Antioxidants may protect against tickborne illness

Discussion in 'Lyme Disease Archives' started by tansy, Aug 18, 2006.

  1. tansy

    tansy New Member

    "Scientists study whether antioxidants protect against tick-borne illness"

    Scientists in the US have received a $2 million grant from the National Institute of Allergy and Infectious Disease to investigate if increased intake of antioxidants can protect against tick-borne illnesses.

    Rocky Mountain spotted fever is a potentially life threatening tick-borne illness caused by the parasitic bacteria Rickettsia rickettsii.
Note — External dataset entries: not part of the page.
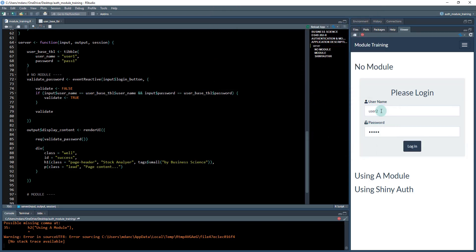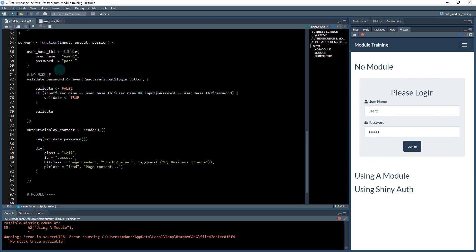We'll get into some rationale for that as we see what a module is and what the components are. So that's what we're going to do in this section. We're going to work on developing a module that containerizes this UI on the front end and also some of the server code on the back end.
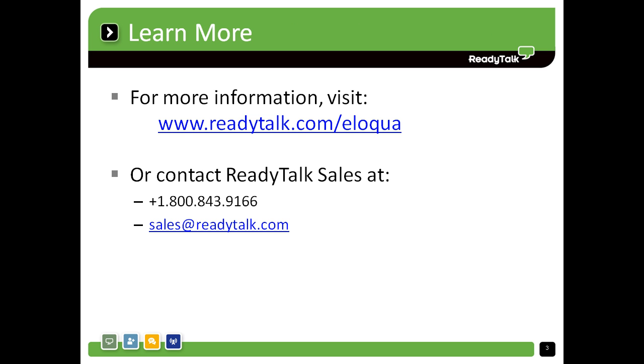Or learn more at readytalk.com slash Eloqua. Thanks for listening and make it a great day. Thank you.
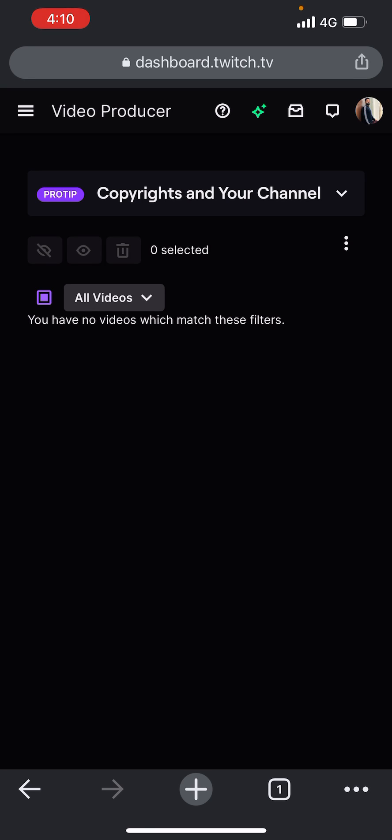Normally you can't do it on your mobile app with the latest version, so the best way to do it is just log into your Twitch account on a browser and do it that way. And that's how you delete a video.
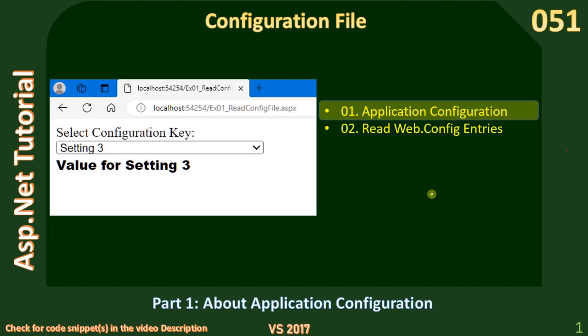Hello friends, welcome to ASP.NET tutorial. In this sub-series, we will learn about the configuration file and how to read the configuration settings.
Over half of the cases in the US occur in the south-east Atlantic states, but the disease has also been documented throughout the Americas.

    A similar bacteria, Rickettsia connorii, causes Mediterranean Spotted Fever (also called Boutonneuse fever), and is transmitted by dog ticks. The fever is endemic in many Mediterranean countries.

    The majority of cases are recorded between April and August, which puts people who spend their summer holidays hiking in these areas at risk of contracting these disease.

    While limiting exposure to ticks is the best preventative, researchers at the University of Rochester Medical Center, led by Sanjeev Sahni are investigating the role that antioxidants, like alpha-lipoic acid, vitamins C and E, and antioxidants found in green tea, might play in preventing the rickettsia bacteria.

    The five-year study is supported by a grant of $2m from the National Institute of Allergy and Infectious Disease.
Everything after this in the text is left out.